Records to use.
========================

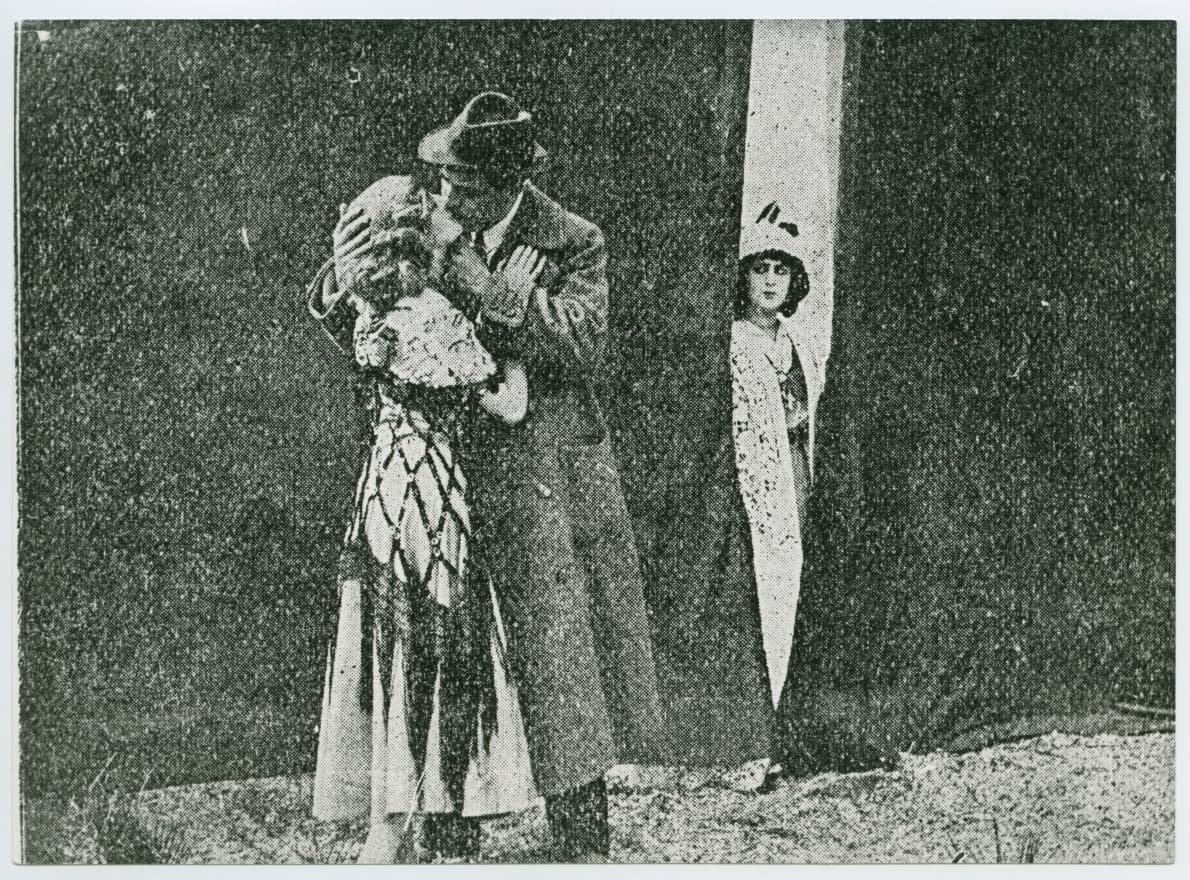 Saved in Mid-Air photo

========================

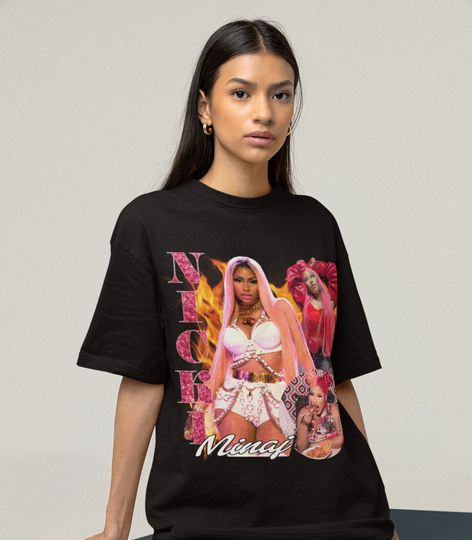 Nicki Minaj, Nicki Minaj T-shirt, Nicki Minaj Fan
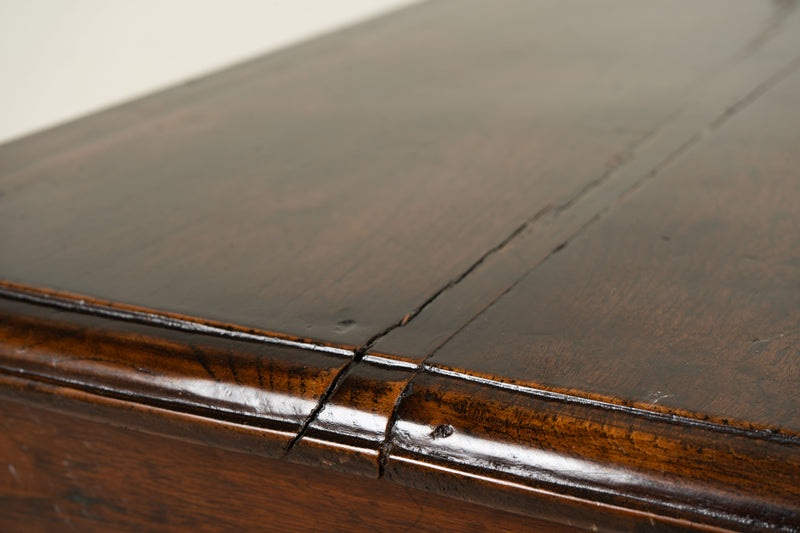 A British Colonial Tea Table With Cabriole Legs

========================

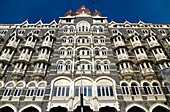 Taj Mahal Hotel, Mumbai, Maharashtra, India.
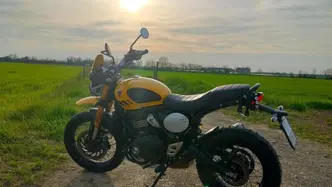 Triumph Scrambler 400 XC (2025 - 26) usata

========================

Exercise goal. The answer is the lines of the material above, from the one containing "Taj Mahal Hotel, Mumbai, Maharashtra, India." down to the one containing "Triumph Scrambler 400 XC (2025 - 26) usata", given exactly and without images.

Solution to this problem.
 Taj Mahal Hotel, Mumbai, Maharashtra, India.
 Triumph Scrambler 400 XC (2025 - 26) usata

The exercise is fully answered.